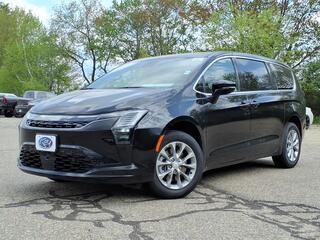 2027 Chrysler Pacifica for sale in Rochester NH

______

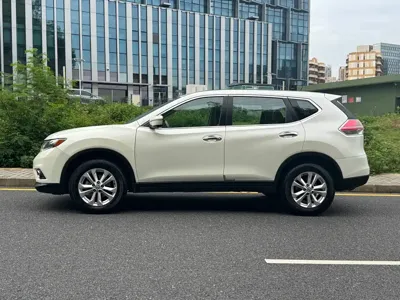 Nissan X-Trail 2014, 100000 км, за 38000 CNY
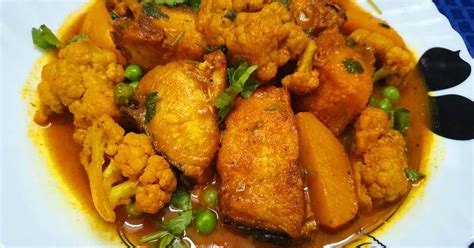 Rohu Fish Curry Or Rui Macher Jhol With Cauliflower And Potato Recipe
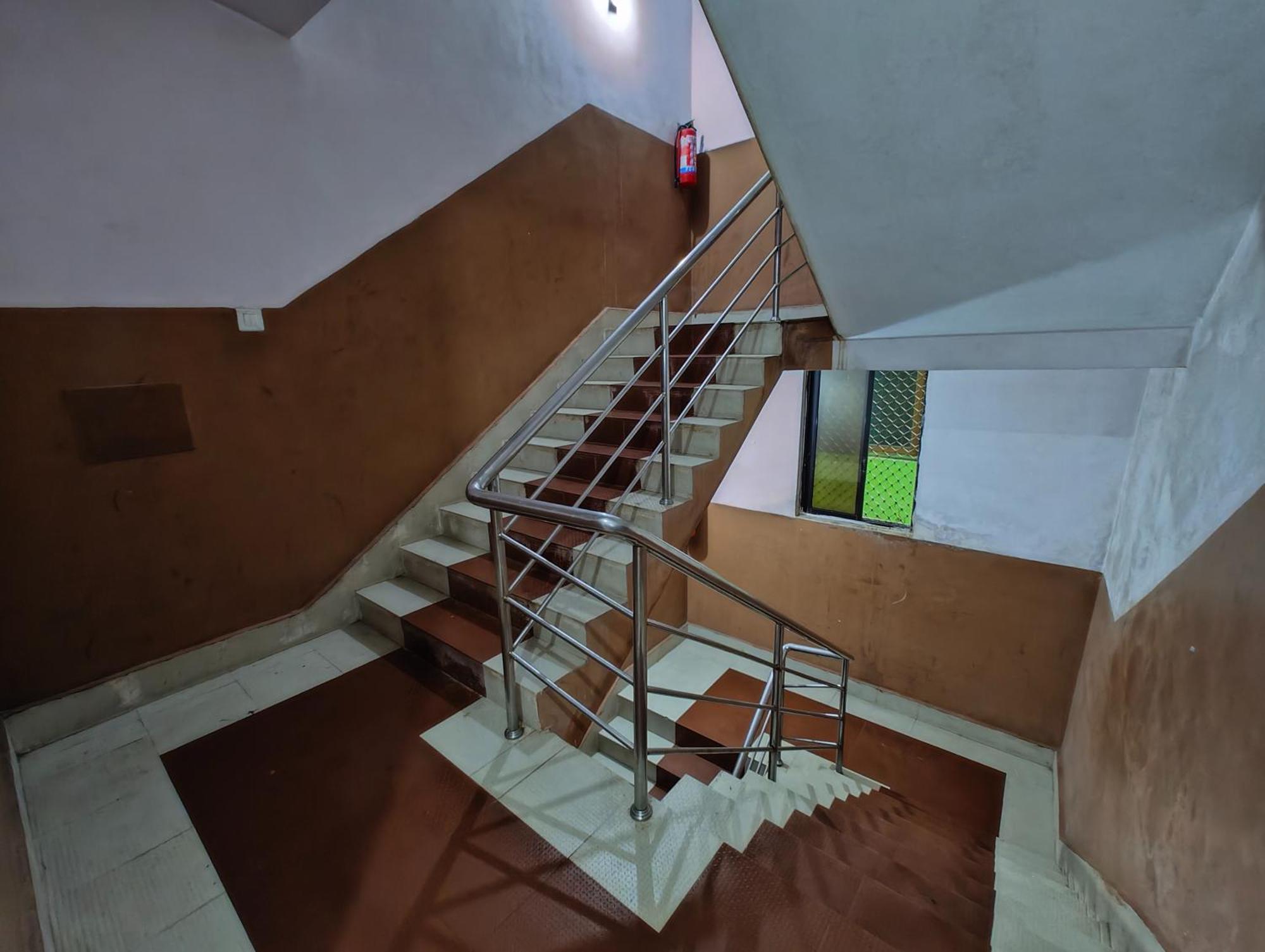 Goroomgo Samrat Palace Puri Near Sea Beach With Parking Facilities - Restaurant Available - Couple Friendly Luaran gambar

______

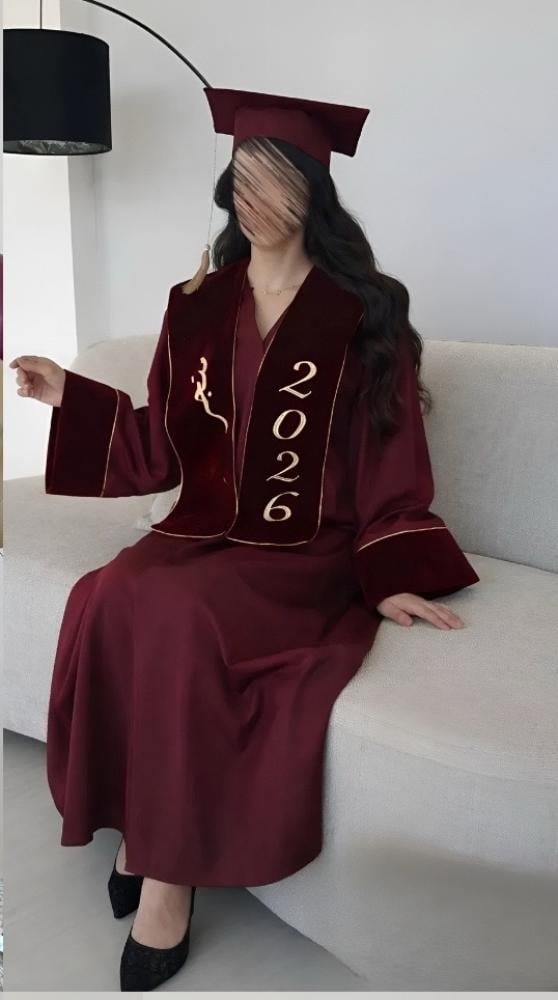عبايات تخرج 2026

______

What to produce :: Your reply should hold nothing but the lines above, from the one containing "Rohu Fish Curry" to the one containing "Goroomgo Samrat Palace", reproduced exactly minus the pictures.

Your solution ::
 Rohu Fish Curry Or Rui Macher Jhol With Cauliflower And Potato Recipe
 Goroomgo Samrat Palace Puri Near Sea Beach With Parking Facilities - Restaurant Available - Couple Friendly Luaran gambar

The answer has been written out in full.